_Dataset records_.
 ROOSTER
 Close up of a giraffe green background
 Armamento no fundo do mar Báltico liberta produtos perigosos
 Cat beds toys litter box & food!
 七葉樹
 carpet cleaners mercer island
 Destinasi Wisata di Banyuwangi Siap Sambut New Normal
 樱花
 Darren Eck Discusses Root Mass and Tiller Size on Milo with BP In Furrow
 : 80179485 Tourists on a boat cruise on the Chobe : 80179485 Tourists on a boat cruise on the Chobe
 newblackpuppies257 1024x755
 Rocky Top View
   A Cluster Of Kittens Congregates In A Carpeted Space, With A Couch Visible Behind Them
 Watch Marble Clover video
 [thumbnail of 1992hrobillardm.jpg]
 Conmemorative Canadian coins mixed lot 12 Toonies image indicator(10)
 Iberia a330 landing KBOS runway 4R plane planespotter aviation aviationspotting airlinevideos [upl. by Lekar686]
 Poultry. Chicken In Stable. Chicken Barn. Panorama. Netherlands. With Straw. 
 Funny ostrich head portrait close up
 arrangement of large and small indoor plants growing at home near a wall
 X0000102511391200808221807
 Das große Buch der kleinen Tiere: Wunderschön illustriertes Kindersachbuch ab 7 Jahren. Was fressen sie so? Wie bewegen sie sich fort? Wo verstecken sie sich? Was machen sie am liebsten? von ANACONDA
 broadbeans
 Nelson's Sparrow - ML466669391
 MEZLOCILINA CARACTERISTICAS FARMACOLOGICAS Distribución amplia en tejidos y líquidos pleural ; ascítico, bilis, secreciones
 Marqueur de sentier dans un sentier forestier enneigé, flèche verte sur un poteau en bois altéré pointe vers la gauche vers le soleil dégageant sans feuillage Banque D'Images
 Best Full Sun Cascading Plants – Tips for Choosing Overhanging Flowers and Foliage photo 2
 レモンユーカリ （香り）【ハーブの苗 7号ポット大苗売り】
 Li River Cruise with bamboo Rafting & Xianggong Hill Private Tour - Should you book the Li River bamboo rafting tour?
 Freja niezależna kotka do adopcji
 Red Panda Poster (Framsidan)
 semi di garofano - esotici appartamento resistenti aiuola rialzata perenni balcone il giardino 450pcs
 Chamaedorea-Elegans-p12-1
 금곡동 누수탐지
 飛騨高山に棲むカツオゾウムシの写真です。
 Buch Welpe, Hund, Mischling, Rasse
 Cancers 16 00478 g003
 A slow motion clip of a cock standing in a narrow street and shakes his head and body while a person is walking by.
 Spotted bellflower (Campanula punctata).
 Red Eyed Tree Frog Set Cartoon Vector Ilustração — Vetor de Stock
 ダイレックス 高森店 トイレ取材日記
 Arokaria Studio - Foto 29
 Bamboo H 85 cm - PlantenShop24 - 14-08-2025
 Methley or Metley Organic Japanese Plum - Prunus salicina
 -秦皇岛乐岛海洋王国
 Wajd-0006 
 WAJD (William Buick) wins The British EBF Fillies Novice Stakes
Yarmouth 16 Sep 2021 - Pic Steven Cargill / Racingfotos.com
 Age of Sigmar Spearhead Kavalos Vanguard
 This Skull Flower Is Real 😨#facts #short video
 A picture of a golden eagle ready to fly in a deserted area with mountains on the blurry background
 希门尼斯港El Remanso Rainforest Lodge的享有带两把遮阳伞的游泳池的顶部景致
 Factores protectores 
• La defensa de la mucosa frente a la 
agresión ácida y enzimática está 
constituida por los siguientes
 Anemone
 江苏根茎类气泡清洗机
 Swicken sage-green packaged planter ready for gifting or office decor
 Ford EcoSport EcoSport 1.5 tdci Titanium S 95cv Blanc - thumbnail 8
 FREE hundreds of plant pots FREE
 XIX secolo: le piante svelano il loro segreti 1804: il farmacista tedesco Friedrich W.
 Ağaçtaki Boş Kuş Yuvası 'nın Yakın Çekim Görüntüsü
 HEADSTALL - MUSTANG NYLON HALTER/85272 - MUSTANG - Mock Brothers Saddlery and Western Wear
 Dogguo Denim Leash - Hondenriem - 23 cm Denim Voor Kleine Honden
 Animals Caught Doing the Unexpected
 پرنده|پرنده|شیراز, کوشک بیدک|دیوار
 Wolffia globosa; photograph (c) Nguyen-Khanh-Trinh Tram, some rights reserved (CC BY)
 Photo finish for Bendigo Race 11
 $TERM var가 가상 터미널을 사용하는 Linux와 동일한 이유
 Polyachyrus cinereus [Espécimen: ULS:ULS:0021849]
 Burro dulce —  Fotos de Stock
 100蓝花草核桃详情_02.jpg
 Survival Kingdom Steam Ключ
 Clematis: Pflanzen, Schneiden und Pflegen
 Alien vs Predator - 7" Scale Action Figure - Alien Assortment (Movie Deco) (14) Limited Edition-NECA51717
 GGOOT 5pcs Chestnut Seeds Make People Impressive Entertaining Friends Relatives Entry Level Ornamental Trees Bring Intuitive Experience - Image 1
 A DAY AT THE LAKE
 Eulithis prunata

_Aim of the exercise_. From the lines above, copy those that contain the word "ready".

_Exercise solution_.
 A picture of a golden eagle ready to fly in a deserted area with mountains on the blurry background
 Swicken sage-green packaged planter ready for gifting or office decor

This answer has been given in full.